Let’s start by looking at where aluminium comes from. The main ore (sedimentary rock) in which aluminium can be found is bauxite. It is relatively soft, with a clay-like texture and a reddish hue. It can be found all over the world, particularly in tropical and sub-tropical zones, and some of the earth’s leading locations for bauxite include Australia, China, India, Jamaica and Kazakhstan. Bauxite is named after Baux, the region of France where it was discovered in 1821. The picture below was taken at the site of a former bauxite quarry in Puglia, Italy. It was dug out between 1950 and 1978 and is now part of the Alta Murgia National Park. It’s a popular spot for hiking and photography, thanks the surreal, Bauxite landscapes that remain.
Aluminium is element number 13 on the Periodic Table, and one of the latest metals to be discovered by humans. Long before scientists worked out how to make aluminium, they discovered alum, a chemical compound similar to a salt that contained the metal. In ancient times, it was used extensively, and throughout history alum has been particularly useful in fireproofing and papermaking.

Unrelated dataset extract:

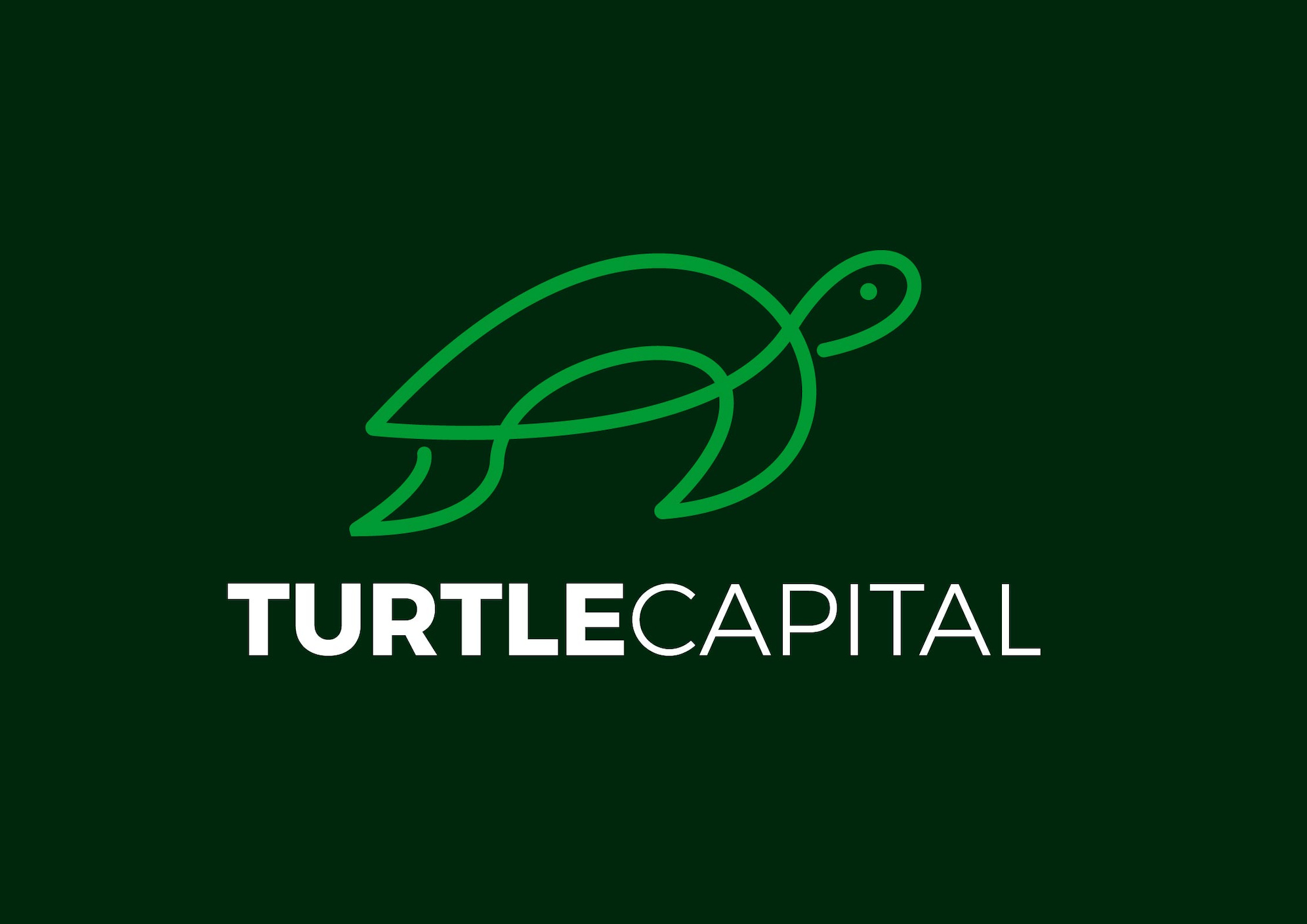 Logotipo histórico de Turtle Capital, el proyecto de Adrià Rivero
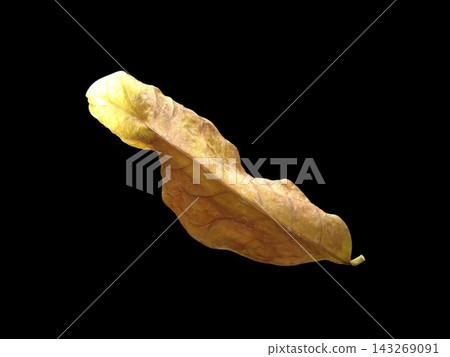 Fallen leaves against a black background Fallen leaves against a black background 143269091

It wasn’t until the early 1800s though, when there were great advances in science, specifically electricity, that aluminium itself was found. In 1808, an English scientist called Humphry Davy worked out that aluminium could be extracted by electrolyte reduction from aluminium oxide. Davy only put the experiment together in theory, however; it was yet to be carried out in practise. Finally, after almost two decades of experimentation, a German chemist, Friedrich Woehler, managed to use the methods suggested by Davy to produce actual aluminium in 1845.

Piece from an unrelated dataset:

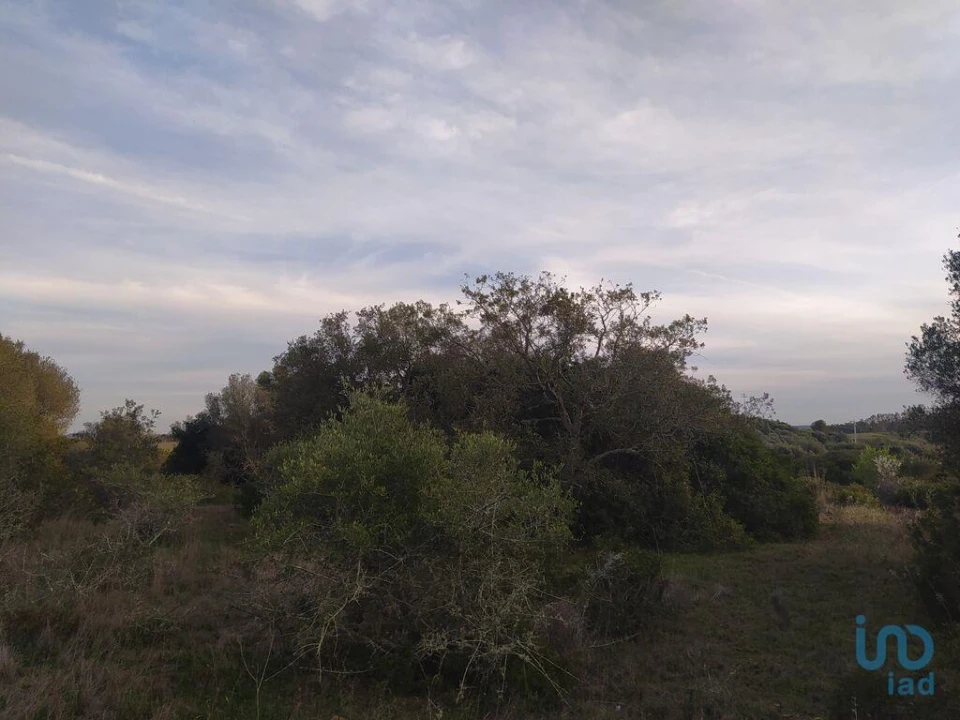Terreno para Venda em Barão de São Miguel Foto 9
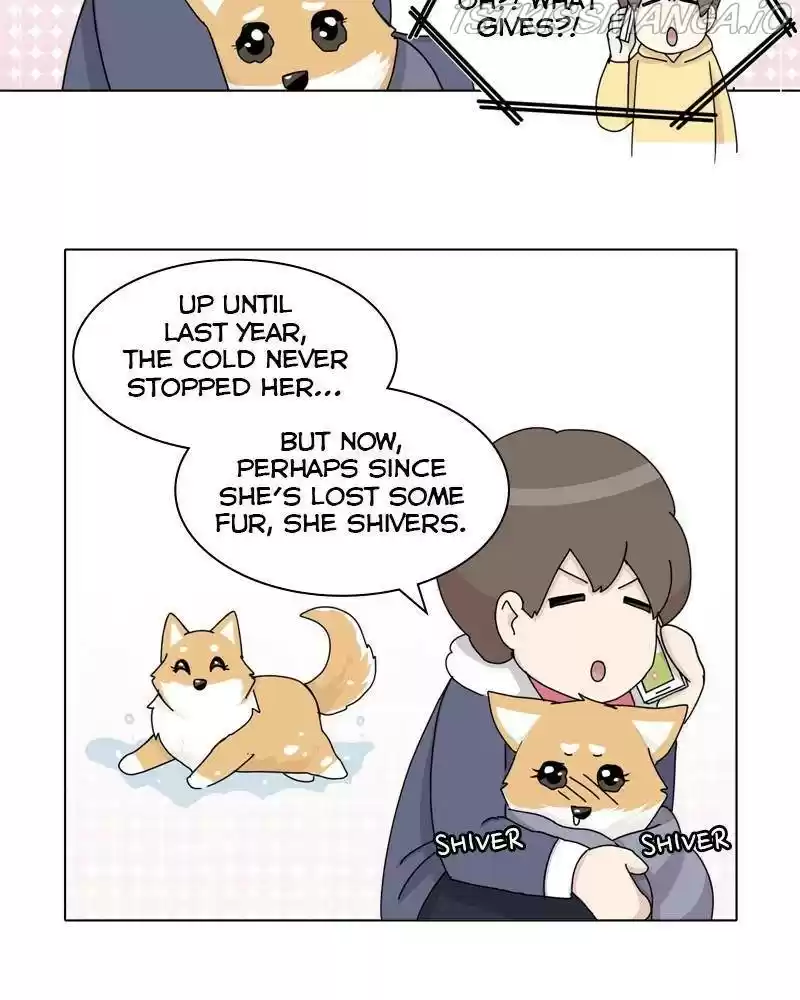 The Dog Diaries Chapter 36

Since this exciting new metal was rare and therefore expensive, the wealthy thought it should be used to make lavish jewellery, and this is what they demanded. But aluminium had a lot more going for it, and it wasn’t long before it earned its rightful place at the helm of engineering and manufacturing. It took a long time for scientists to work out where to find the Bauxite and how best to extract it, but they got there in the end.
On top of all its strengths, aluminium’s ability to be infinitely recycled means it is here to stay, and we’re likely to see more and more of this metal allrounder in the not-too-distant future.
These days, most aluminium is extracted by the Hall–Héroult process, devised by American student Charles Hall and French engineer Paul Héroult in 1886. They discovered that dissolving aluminium oxide in molten cryolite was an extremely effective technique. It might have worked well, but because of the huge amounts of electricity involved, it was a costly exercise. In response to concerns about this, Héroult suggested harnessing the power of water instead, and a huge smelter was built at Rhenish Falls in Switzerland. Modern aluminium production still uses a vast amount of energy, but the finished product is also very resistant to corrosion and can be recycled forever. In fact, the recycling process saves a massive 95% of the energy needed to create new aluminium, so keep crushing those cans and putting them in the right bin!
As well as being cost-effective and sustainable, aluminium has many more properties that make it one of the world’s most useful materials. It is strong, corrosion-resistant, reflective and a great conductor of heat and electricity. It is also lightweight, non-magnetic, odour-free and exceptionally easy to form and work with.
Aluminium is used in architecture, and one of the first buildings to be built using the metal was New York’s iconic Empire State Building, completed in 1931. Perhaps one of the most unique properties of this metal is its lightness. Thanks to its relatively low weight, aluminium is a key player in transportation such as high-speed trains and aeroplanes, as well as in long-distance power lines. And although steel is still the number one choice for the automotive industry, aluminium is expected to appear in more and more vehicle designs as environmental impact becomes a greater concern. Aluminium’s toughness and lightness are what has seen it make its way into the design of mobile phones, laptops and hi-fi equipment.
On top of all its strengths, aluminium’s ability to be infinitely recycled means it is here to stay, and we’re likely to see more and more of this metal allrounder in the not-too-distant future.